I love Sega Rally. The classic arcade game combines a larger-than-life handling engine with crisp, clean graphics to deliver a really accessible racer that's easy and fun to drive. I'm very much reminded of it as I play Gravel at Milestone's booth at GDC.
Apparently this is intentional – Milestone's upcoming off-road racer is designed to be a cross between Sega Rally and Screamer, a classic PC arcade racer that the company created back in 1995 under its prior guise of Graffiti.
The Gravel demo is a simple one, and starts with a selection of off-road vehicles, including a 90s Celica WRC car – the same one that appeared in Sega Rally funnily enough – and a variety of buggies and trucks. I choose the Celica to start with, and select the demo's only track – a circuit around a lush tropical island.
As the timer counts down, I quickly flick through the viewpoints. There are a couple of third-person perspectives from behind the car, a view across the hood, and a first-person bumper cam. I choose the latter, since the hood takes up a large portion of the screen. The race starts, and I take off. Almost immediately, I find myself bumping and jostling other cars as we jockey for position, and I eventually find a safe spot in amongst the pack as we take the first corner. Unlike my experience driving on dirt in Gran Turismo Sport, I go flying around the bend with ease. The car seems to have tremendous grip, and I exit the corner under full acceleration, slingshotting me down the subsequent straight and past several opposing vehicles.
I then enter a complex series of bends, and slide through them spectacularly, setting off a Drift Meter that scores my efforts as I maintain my sideways stance. Drifting is easy – just a whiff of opposite lock to set it up, and then leave the steering alone as the car goes sideways, and then steer back into the skid to put the car back on course. It's intuitive and easy, and very arcadey.
As the race progresses, I continue to work my way through the field until I'm leading. That gives me the chance to explore the outer limits of the handling, and I try to get as sideways as possible. Even when I'm being ham-fisted, the game is very forgiving, and it's only when I enter a corner at full tilt and really aggressively try to drift do I finally spin – and even then, it's because I hit a trackside object. I quickly reverse back onto the track and continue on my way.
After completing the race, I try again in a Ford Raptor off-road truck to check out whether it feels any different. It does: The truck's suspension is much softer, and it bounces over jumps that I barely felt in the car. It's heavy too, and is slower to steer as I try to hustle it through a series of bends. I have to be a little more judicious with my throttle modulations, and enter corners more slowly, lest I understeer off the track.

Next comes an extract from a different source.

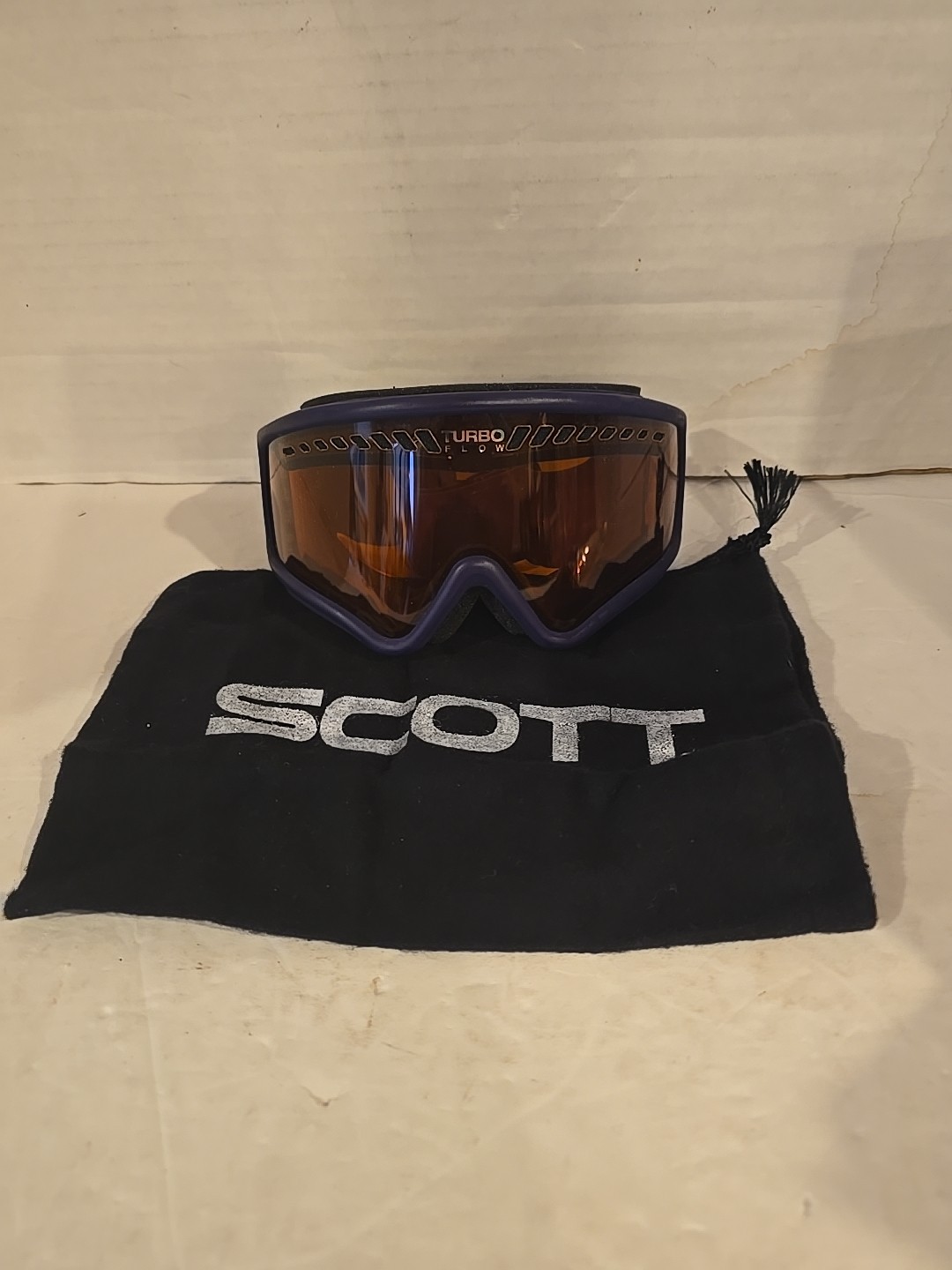 Scott Air Force  Ski Goggles HC Turbo Flow Purple/Purple/Green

Even though it's a tad more tricky to drive, I still don't really have any problems working my way through the field until I'm eventually leading the pack. Once again, I try pushing the truck to its limits, and have difficulty getting it truly unsettled – The Ford handles really well, despite its heft. It's just a breeze to drive, and getting it sideways is quite easy once you get used to braking hard, tipping it into a corner and then stepping on the gas to swing out the back end. Fun times!
Where Gravel feels a little weak at the moment is its graphics. Even though it's still early days for the game, the cars lack crispness and detail, and the game's particle effects don't feel very convincing at all. At the start of a race, when I was stuck behind cars, they created rooster tails of sand that looked more like mist than particles. Maybe the problem is that I've been too spoiled by the likes of Forza Horizon 3, and playing Gran Turismo Sport on PS4 Pro, but Gravel just looks a little last generation. It even has overly aggressive lens flare, which further contributes to its oldschool vibe.
Hopefully Milestone will be able to improve Gravel's graphics, as it's pretty good fun to drive. The game doesn't quite yet feature the same larger-than-life handling physics as Sega Rally, but it's close. With a little tweaking and finessing, I'm sure it could get there. At least I hope it does. It's been ages since we've had a really entertaining arcade racer, and Gravel certainly has the potential to be such a beast.